Overall, the findings show that the probability of posting guarantees increases with the Loan size, which is consistent with the prediction that observably riskier borrowers are more likely to pledge collateral to solve moral hazard problems (Boot et al. 1991). However, the effect of loan size is smaller in the case of female-owned firms, as the estimated coefficient of the interaction term Loan size*Gender is negative and statistically significant, and it also likely captures a firm-size effect as in Eq. (1) in Tables (3) and (4). Moreover, estimates show that female-owned firms are required to post relatively more collateral than male-owned ones, but relatively fewer third-party guarantees.

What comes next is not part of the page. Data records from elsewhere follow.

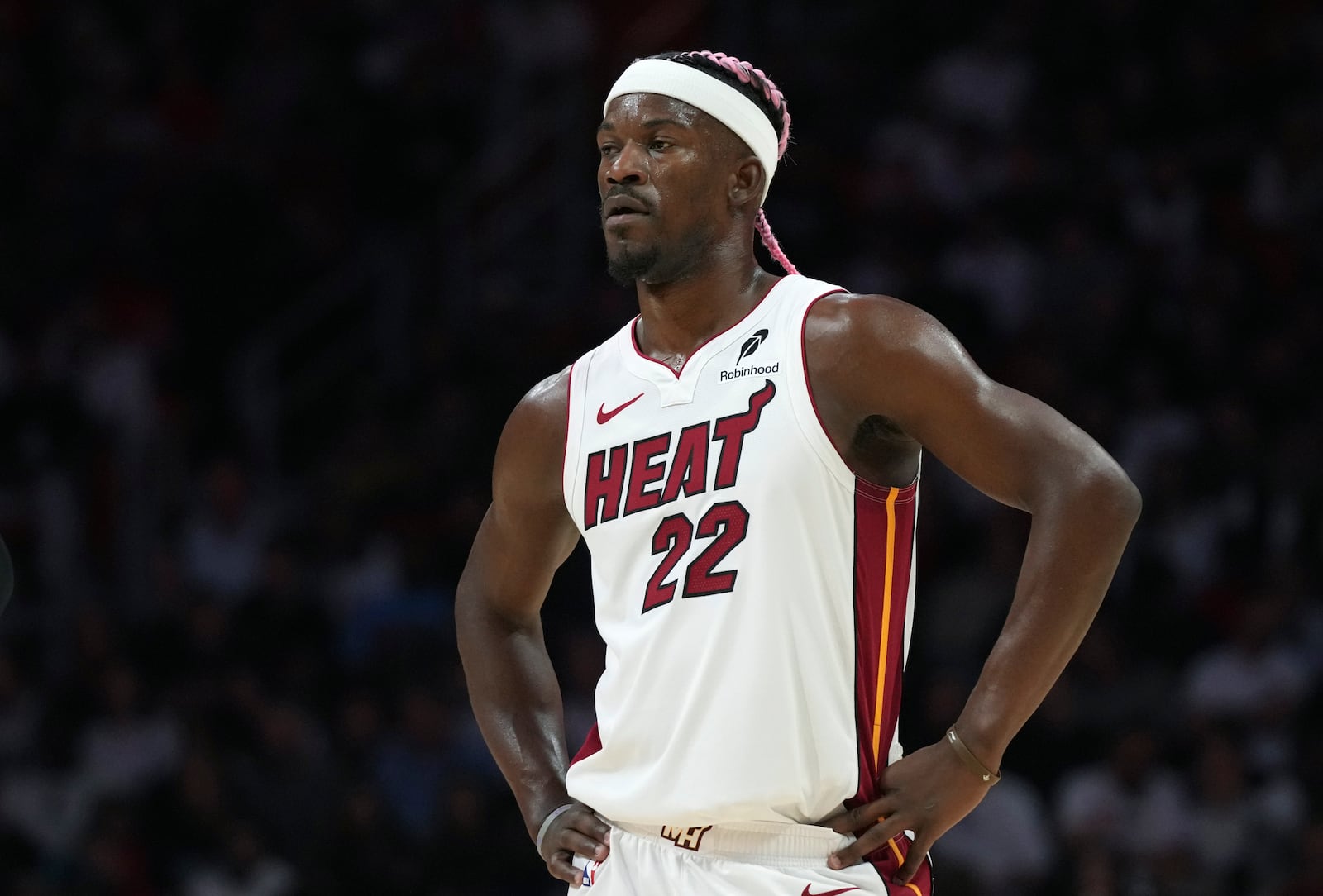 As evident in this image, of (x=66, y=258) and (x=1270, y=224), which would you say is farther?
(x=66, y=258)

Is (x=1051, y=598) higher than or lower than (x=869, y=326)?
lower

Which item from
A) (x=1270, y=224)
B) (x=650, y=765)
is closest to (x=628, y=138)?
(x=650, y=765)

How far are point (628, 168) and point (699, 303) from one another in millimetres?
359

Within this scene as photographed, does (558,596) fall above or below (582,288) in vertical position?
below

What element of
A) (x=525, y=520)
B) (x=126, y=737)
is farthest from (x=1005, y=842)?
(x=525, y=520)

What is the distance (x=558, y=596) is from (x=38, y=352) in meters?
4.08

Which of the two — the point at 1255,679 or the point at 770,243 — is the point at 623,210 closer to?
the point at 770,243

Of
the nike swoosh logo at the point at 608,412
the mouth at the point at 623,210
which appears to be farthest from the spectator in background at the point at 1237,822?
the mouth at the point at 623,210

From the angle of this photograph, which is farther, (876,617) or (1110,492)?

As expected, large firms (Firm size) have a lower probability of posting personal guarantees than do smaller firms. Among female-owned firms, increasing multiple loan applications (Multilending) positively affects the probability of posting collateral. Similarly, long-term lending relationships (Relationship length) between banks and customers positively affect the probability of posting both collateral and personal guarantees [column (1)]Footnote 12. The last findings suggest that the negative effects of the hold-up problem dominate the benefits of the lending relationship, especially in the case of female-owned firms: the strict behaviour of banks when dealing with female entrepreneurs does not improve over the course of the lending relationship. This finding clashes with the idea that women may be more likely to have a guarantor than men because female entrepreneurs do not have an established credit history.

Conclusions

This paper contributes to the research on the credit access of Italian firms by analysing the role of gender over the period 2005–2008. Our estimates show that gender does not affect the likelihood of obtaining a bank loan, after controlling for loan, firm and bank characteristics. However, in the case of female-owned firms, our analysis also shows that: (a) guarantees are less powerful instruments in gaining access to credit; (b) the probability of having to pledge collateral is higher than for male-owned firms. Furthermore, results show that the female-owned sole proprietorships’ probability of obtaining a successful loan application is lower than that of male-owned ones. This result suggests that, to improve access to bank loans, female-owned firms should pursue a strategy oriented towards increasingly adopting a more structured legal form such as that of partnerships or limited liability companies.

Overall, findings suggest that disparities in credit market outcomes by gender are caused not only by discrimination, but also by structural differences between male- and female-owned firms.